El presidente de Estados Unidos, Donald Trump, ordenó una operación militar en la madrugada de hoy que concluyó con la captura del mandatario venezolano, Nicolás Maduro. Según trascendió, la verdadera intención detrás de esta acción bélica sería el control de los recursos naturales de Venezuela, en un intento por frenar la influencia de China y Rusia en la región.
La fuente consultada indica que Trump "dejó claro que la verdadera intención de la operación militar [...] es controlar los recursos naturales del país sudamericano frente a China y Rusia". Esta estrategia se enmarca en la disputa geopolítica que mantiene Washington con sus rivales, quienes han estrechado vínculos económicos y políticos con el gobierno de Maduro en los últimos años.

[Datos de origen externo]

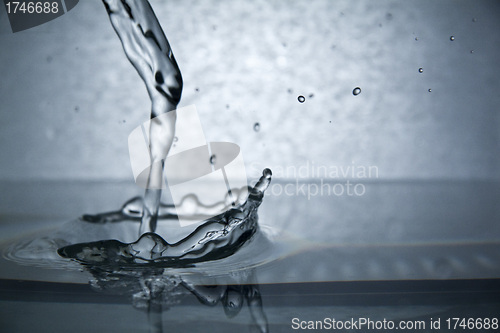 Image of Fresh water splash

Venezuela cuenta con las mayores reservas probadas de petróleo del mundo, así como importantes yacimientos de minerales estratégicos como el coltán, el oro y el diamante. Estos recursos naturales han sido codiciados por las potencias globales, lo que ha llevado a una creciente tensión en torno a la soberanía del país caribeño.
La captura de Maduro representa un duro golpe para el chavismo y abre una nueva etapa de incertidumbre política en Venezuela. Trump buscará ahora consolidar su control sobre los recursos energéticos y minerales del país, en un movimiento que puede tener profundas implicaciones regionales e internacionales.
Analistas consultados advierten que esta acción militar unilateral de Estados Unidos podría desencadenar una grave crisis humanitaria y generar una mayor inestabilidad en la región. Asimismo, cuestionan la legalidad de la intervención y temen que pueda derivar en un conflicto de mayores proporciones.
Por el momento, se desconoce el paradero de Maduro y el futuro del gobierno chavista. Lo que sí parece claro es que Trump ha dado un paso más en su estrategia de confrontación con China y Rusia, utilizando la crisis venezolana como un peón en el tablero geopolítico global.